● ASSIGNED TASK: Would you transcribe the lines running from the one that holds "科贝尔谈扑点球秘诀：直觉引导我成功拦截对手罚球" to the last line of the records? Leave every picture out.

[Opening DATA EXTRACTS section]

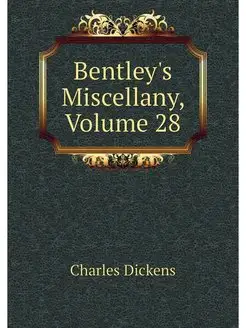 Bentley's Miscellany, Volume 28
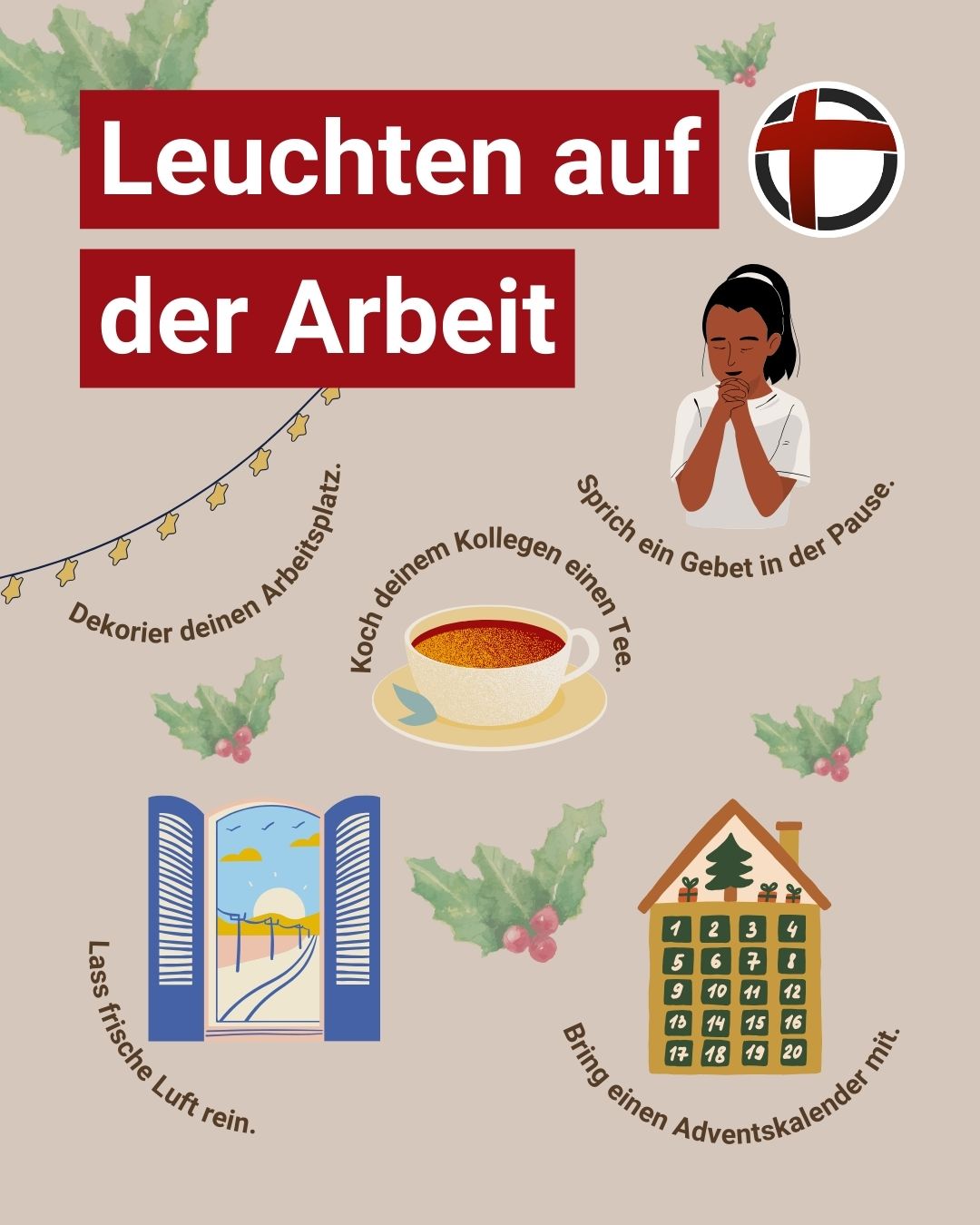 Leuchten auf der Arbeit: Dekorier deinen Arbeitsplatz. Koch deinem Kollegen einen Tee. Sprich ein Gebet in der Pause. Lass frische Luft rein. Bring einen Adventskalender mit.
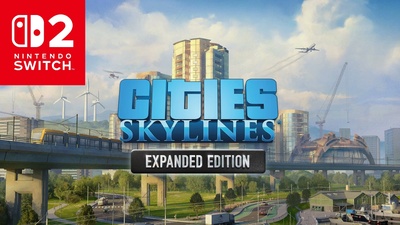 Анонсовано Cities: Skylines – Expanded Edition для Nintendo Switch 2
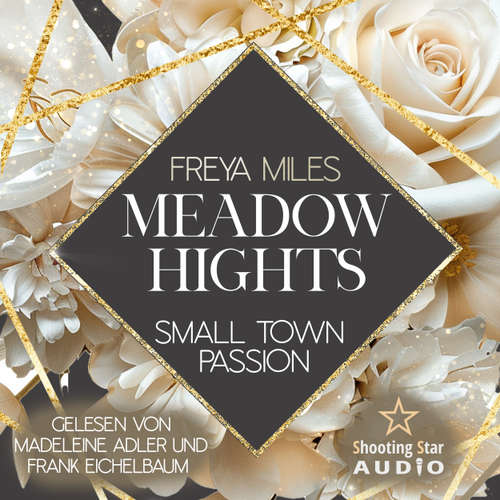 Hoerbuch Meadow Hights: Small Town Passion - New York Gentlemen, Band 12 - Freya Miles - Madeleine Adler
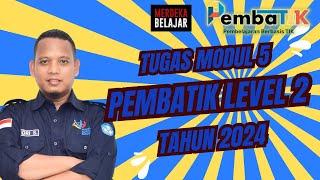 TUGAS MODUL 5 PEMBATIK LEVEL 2 #pembatik2024  #Level2Modul5 #blptkemendikbudristek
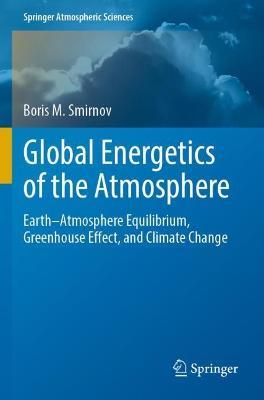 Global Energetics of the Atmosphere: Earth–Atmosphere Equilibrium, Greenhouse Effect, and Climate Change - Boris M. Smirnov - cover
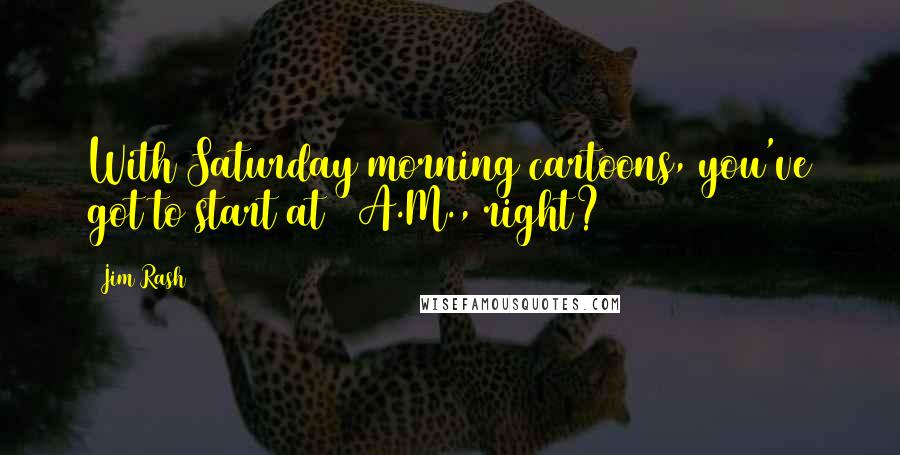 Jim Rash Quotes: With Saturday morning cartoons, you've got to start at 6 A.M., right?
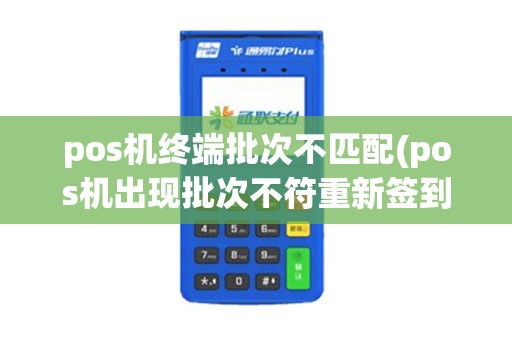 pos机终端批次不匹配(pos机出现批次不符重新签到)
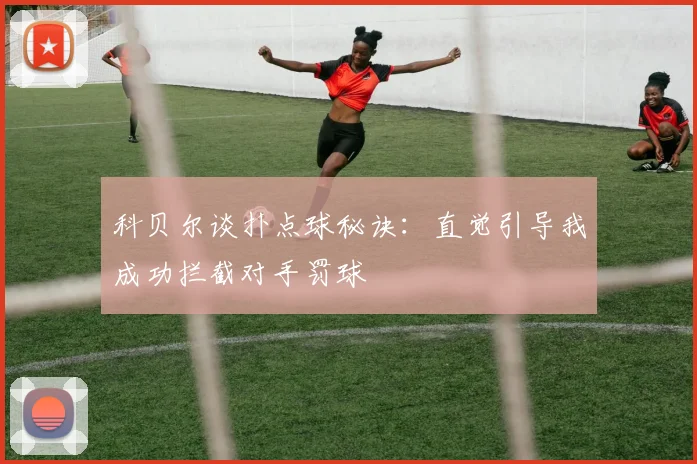 科贝尔谈扑点球秘诀：直觉引导我成功拦截对手罚球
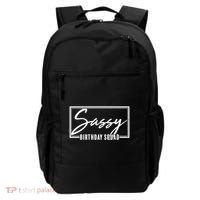 Funny Sassy Birthday Squad Matching Group Shirts Backpack thumb 0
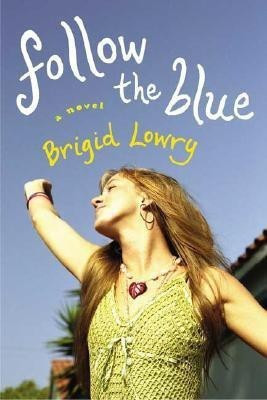 Follow the Blue(English, Paperback, Lowry Brigid)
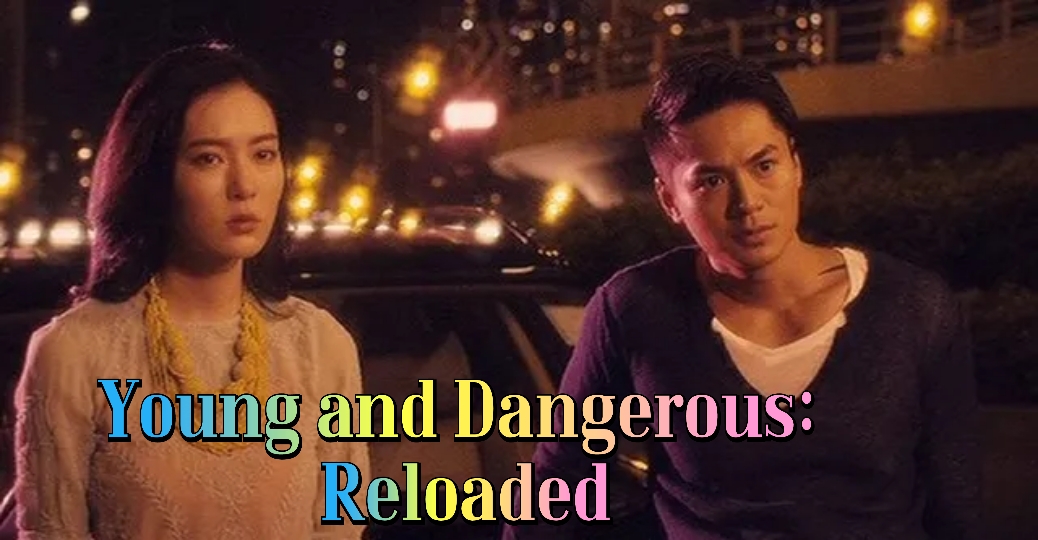 Watch Free Young and Dangerous: Reloaded Full Movie Online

[Closing DATA EXTRACTS section]

● ANSWER TO THIS EXERCISE:
 科贝尔谈扑点球秘诀：直觉引导我成功拦截对手罚球
 Funny Sassy Birthday Squad Matching Group Shirts Backpack thumb 0
 Follow the Blue(English, Paperback, Lowry Brigid)
 Watch Free Young and Dangerous: Reloaded Full Movie Online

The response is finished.